I would probably index into that vector using i-2 personally, or at the very least set
cnt = i-2;
in the loop rather than incrementing cnt, but it should all amount to the same thing, just preference
dpb
dpb le 27 Juin 2017
Just how many ODEs do you have? The derivative vector must be of that length.
We can certainly clean up the code as written significantly, but in reading your description I'm just not following the actual problem definition to know which is the right solution.
Steven Lord
Steven Lord le 27 Juin 2017
Did the technique I described my answer in one of your previous questions not work?
Areeb Hussain
Areeb Hussain le 28 Juin 2017
Thanks Adam. That could possibly be a way to do it, but I don't want to delete any correct elements of the vector (it's hard for me to see which ones are and aren't correct because these get fed into an ode solver function. But I'll try to look into it.
Adam
Adam le 28 Juin 2017
Well, I mean trim them before they get fed in, straight after your for loop.
Areeb Hussain
Areeb Hussain le 28 Juin 2017
dpb, the number of ODEs in the vector system depends on user input (# of nodes).
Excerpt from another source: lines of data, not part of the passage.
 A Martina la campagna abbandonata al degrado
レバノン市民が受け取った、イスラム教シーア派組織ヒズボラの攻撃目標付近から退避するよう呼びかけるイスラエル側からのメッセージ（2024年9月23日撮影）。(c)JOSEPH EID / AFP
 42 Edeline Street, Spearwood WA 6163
If they input 20, the function file should return a system of 20 ODEs that are correctly configured. All the commented stuff was just me messing with it to see how to fix it.
Areeb Hussain
Areeb Hussain le 28 Juin 2017
Steven, I really didn't know how to proceed with that option, so I figured a for loop would be easier, until I ran into this issue.
dpb
dpb le 28 Juin 2017
OK, so now we know you do want N ODEs for the input number.
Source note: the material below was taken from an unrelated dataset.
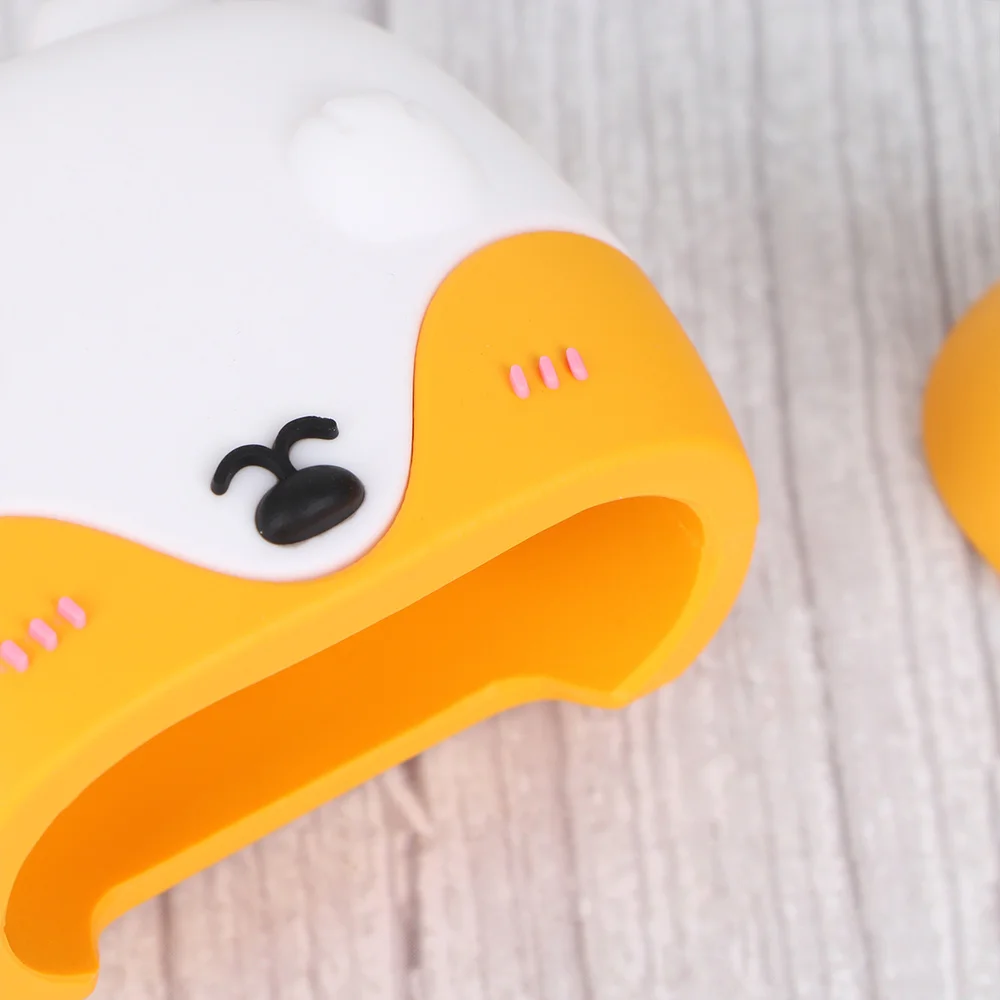 

Adorable Wireless Earphone Cover Cartoon Headset Protective Cover Compatible for Airpods 1/2 with Carabiner (Yellow Corgi Patter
What you've got builds 20 but two are empty which may/may not be what the actual ODE system needs.
What is RHS for the first entries supposed to be?
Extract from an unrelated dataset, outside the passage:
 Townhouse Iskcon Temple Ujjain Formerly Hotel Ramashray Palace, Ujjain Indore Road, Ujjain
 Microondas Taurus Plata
If you had a smaller system of say five, show us the actual ODEs to be solved to really nail down how to write this correctly for the system.
Areeb Hussain
Areeb Hussain le 28 Juin 2017
Modifié(e) : Areeb Hussain le 28 Juin 2017

So if the user wants 5 nodes, and they select nodes 2 and 3 to include the 'O2leak_term,' then the function should return:

DeltaO2Concentration= [c*t*(O2Conc(1)-O2Conc(2));
c*t*(O2Conc(1)-O2Conc(2)+O2Conc(3)-O2Conc(2))+O2Leak_term;
c*t*(O2Conc(2)-O2Conc(3)+O2Conc(4)-O2Conc(3))+O2Leak_term;
c*t*(O2Conc(3)-O2Conc(4)+O2Conc(5)-O2Conc(4));
c*t*(O2Conc(5)-O2Conc(4))]

But these equations can vary based on the number of nodes, and the user selected nodes for 'O2leak_term'.

Areeb Hussain
Areeb Hussain le 28 Juin 2017
And Adam, yeah I knew what you meant. I tried that, but that gave me another issue, because when I use 'ode45' in the main file, I input an initial condition vector y0 the same size as the ODE vector, but the truncation somehow messes up this up when running 'ode45', saying the dimensions of DeltaO2Concentration and y0 need to be the same. I'm trying to fix that right now too.
Guillaume
Guillaume le 28 Juin 2017
Coming rather late in the conversation and not having much to say to answer the actual problem, I'll just comment on this:
terminate= nodes_num;
DeltaO2Concentration= zeros(1,terminate);
for i= 3:length(DeltaO2Concentration)
What's wrong with:
DeltaO2Concentration= zeros(1, nodes_num);
for i = 3:nodes_num
Why rename the variable and make the reader do extra mental work in order to understand the bounds of the loop?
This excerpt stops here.